Het verdrag van 1930 is een van acht zogeheten fundamentele verdragen van de Internationale Arbeidsorganisatie (hierna: IAO). Het verdrag is tot dusverre door 178 staten bekrachtigd. Het gehele Koninkrijk is partij bij dit verdrag. Na het op 25 september 1926 te Genève tot stand gekomen Verdrag inzake de slavernij van de Volkerenbond (Stb. 1933, 236) vormde IAO-verdrag nr. 29 een belangrijke stap voorwaarts in de strijd tegen gedwongen arbeid. Doordat dit verdrag gerekend wordt tot de fundamentele IAO-verdragen worden ook die lidstaten die het verdrag niet bekrachtigd hebben, geacht zich aan de bepalingen ervan te houden, zoals vastgelegd in de verklaring van de Internationale Arbeidsconferentie over fundamentele principes en arbeidsrechten van 19981.

De IAO heeft een tripartiete structuur waarin naast de regeringen van de lidstaten tevens vertegenwoordigers van werknemers en werkgevers van de lidstaten zijn betrokken. De IAC, het beleidsbepalende orgaan van de IAO dat eveneens een tripartiete structuur kent, nam in 2012 een resolutie aan die oproept tot onderzoek naar de vraag of het stelsel van IAO-normen, waaronder IAO-verdrag nr. 29, lacunes vertoont en modernisering behoeft. In het verlengde hiervan werd in 2013 te Genève een deskundigenbijeenkomst gehouden om IAO-verdrag nr. 29 door te lichten. Vervolgens werd een vragenlijst aan de lidstaten gestuurd teneinde hun mening te vernemen omtrent de wenselijkheid van aanvulling en modernisering van het verdrag en de vorm waarin de nieuwe elementen zouden moeten worden gegoten. Op grond van deze consultatieronde werd geconcludeerd dat IAO-verdrag nr. 29 aanvulling behoefde met betrekking tot met name de preventie van gedwongen arbeid, de identificatie, de bescherming en opvang van slachtoffers en hun recht op schadeloosstelling. Wat betreft de vorm waarin de vernieuwingen zouden moeten worden gegoten werden de mogelijkheden besproken van een aanvullend protocol bij IAO-verdrag nr. 29, een aanbeveling (van de IAC) dan wel een combinatie van beide. Op grond van de consultatieronde werd gekozen voor een aanvullend protocol bij IAO-verdrag nr. 29 in combinatie met een aanbeveling, waarin meer in detail op de zaken wordt ingegaan. Het Protocol is qua vorm een verdrag en is juridisch bindend voor de IAO-lidstaten die tot ratificatie overgaan. Bij het Protocol hoort een Aanbeveling (Trb. 2015, 194) Deze Aanbeveling kan worden beschouwd als een krachtige aansporing, die evenwel niet juridisch bindend is en geen parlementaire goedkeuring behoeft. De Aanbeveling geeft een nadere uitwerking van de elementen in het Protocol.

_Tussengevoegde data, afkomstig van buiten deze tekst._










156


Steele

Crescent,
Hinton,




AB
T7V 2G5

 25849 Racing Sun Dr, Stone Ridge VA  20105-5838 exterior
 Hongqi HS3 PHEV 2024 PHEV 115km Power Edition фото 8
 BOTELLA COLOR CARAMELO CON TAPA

Vertegenwoordigers van werknemers in veel landen hadden de voorkeur voor de combinatie van een protocol en een aanbeveling boven het aannemen van alleen een aanbeveling, vanwege het bindende karakter van het Protocol. Nederland heeft zich bij deze zienswijze aangesloten.

Bij brief van 2 juli 2014 (Kamerstukken II, 29 427, nr. 99) is het parlement geïnformeerd over het kabinetsstandpunt inzake de bekrachtiging van het Protocol van 2014.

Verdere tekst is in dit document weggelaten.